You can imagine what Corvino’s response to this is. He argues that Kagan has not arbitrarily picked the middle level description. She has picked the level that corresponds with the intrinsic, design-based features of the cake: it was designed as a cake to celebrate weddings. She has discounted the lower level description that focuses on the extrinsic properties that a cake of that design might acquire if it is used in a same-sex wedding celebration. If you allowed extrinsic properties of cakes (or other items) to determine their character for the purposes of discrimination law, you would make a mockery of those laws. Any item can be used to celebrate or support a lifestyle or identity under the right circumstance. For example (and this comes from Corvino), birthday cakes are used to celebrate the ongoing life of someone. What if that person is gay, Black or Muslim? Surely it would be discriminatory to not sell a birthday cake to a Muslim simply because it celebrated their life (which you might object to for other reasons)?

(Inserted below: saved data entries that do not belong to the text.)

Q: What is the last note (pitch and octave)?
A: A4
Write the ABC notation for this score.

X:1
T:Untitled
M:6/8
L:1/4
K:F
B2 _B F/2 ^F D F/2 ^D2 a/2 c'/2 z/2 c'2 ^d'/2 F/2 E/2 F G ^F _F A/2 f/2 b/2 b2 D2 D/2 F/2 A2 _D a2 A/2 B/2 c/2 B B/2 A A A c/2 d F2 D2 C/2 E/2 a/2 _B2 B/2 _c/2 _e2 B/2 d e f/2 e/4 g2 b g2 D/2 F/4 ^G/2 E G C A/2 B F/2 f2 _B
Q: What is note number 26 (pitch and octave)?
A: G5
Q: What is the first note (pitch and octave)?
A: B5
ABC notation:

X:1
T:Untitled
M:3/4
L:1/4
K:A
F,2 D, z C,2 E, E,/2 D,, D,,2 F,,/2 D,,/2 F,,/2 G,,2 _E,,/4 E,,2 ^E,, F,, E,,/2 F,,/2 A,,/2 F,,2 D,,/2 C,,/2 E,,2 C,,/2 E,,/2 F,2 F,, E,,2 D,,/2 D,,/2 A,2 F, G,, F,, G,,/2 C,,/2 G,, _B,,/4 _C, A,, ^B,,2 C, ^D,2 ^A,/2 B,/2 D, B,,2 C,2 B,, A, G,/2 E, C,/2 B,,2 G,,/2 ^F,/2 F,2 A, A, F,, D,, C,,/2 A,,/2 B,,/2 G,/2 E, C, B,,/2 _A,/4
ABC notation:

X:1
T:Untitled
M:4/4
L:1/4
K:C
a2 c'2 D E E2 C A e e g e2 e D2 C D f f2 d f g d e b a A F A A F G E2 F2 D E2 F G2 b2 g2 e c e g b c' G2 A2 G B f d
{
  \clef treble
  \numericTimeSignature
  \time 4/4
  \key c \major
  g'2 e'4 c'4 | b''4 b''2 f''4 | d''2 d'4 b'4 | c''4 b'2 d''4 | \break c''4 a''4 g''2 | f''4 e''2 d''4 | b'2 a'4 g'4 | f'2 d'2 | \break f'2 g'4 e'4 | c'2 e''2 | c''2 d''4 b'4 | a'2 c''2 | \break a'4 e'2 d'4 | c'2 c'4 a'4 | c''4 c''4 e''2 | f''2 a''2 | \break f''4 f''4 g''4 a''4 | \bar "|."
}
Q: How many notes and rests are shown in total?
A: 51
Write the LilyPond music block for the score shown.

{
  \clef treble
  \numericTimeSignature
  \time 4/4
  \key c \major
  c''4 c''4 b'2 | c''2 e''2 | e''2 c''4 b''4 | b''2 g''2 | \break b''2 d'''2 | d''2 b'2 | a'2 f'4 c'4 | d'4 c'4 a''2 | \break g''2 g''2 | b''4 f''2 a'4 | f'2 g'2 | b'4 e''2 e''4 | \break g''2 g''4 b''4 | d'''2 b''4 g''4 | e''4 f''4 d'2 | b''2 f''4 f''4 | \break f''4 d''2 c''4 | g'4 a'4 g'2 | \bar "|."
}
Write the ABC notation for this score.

To make the law workable, you have to focus on the intrinsic properties of the cake, not the extrinsic properties it might take on. This point applies more generally to the sale of other items.
This brings us to the end of this analysis of Corvino’s argument. Overall, I think that he makes some good points. There is some plausibility to the distinction between the design of something and the use to which it is put. Discrimination that results from an unwillingness to supply a particular design of an item might be justifiable; but discrimination that results from an unwillingness to supply an item because it risks being used by people in ‘identity-constituting’ practices of which you disapprove is not. That said, there are limits to this analysis. What counts as an identity-constituting practice might be open to debate. And there are, presumably, other moral limits that might apply to the supply of goods and services that could trump concerns about discrimination. For example, an unwillingness to supply a knife for fear that it might be used in a ritual honour killing, might be permissible. That, however, is an argument for another day.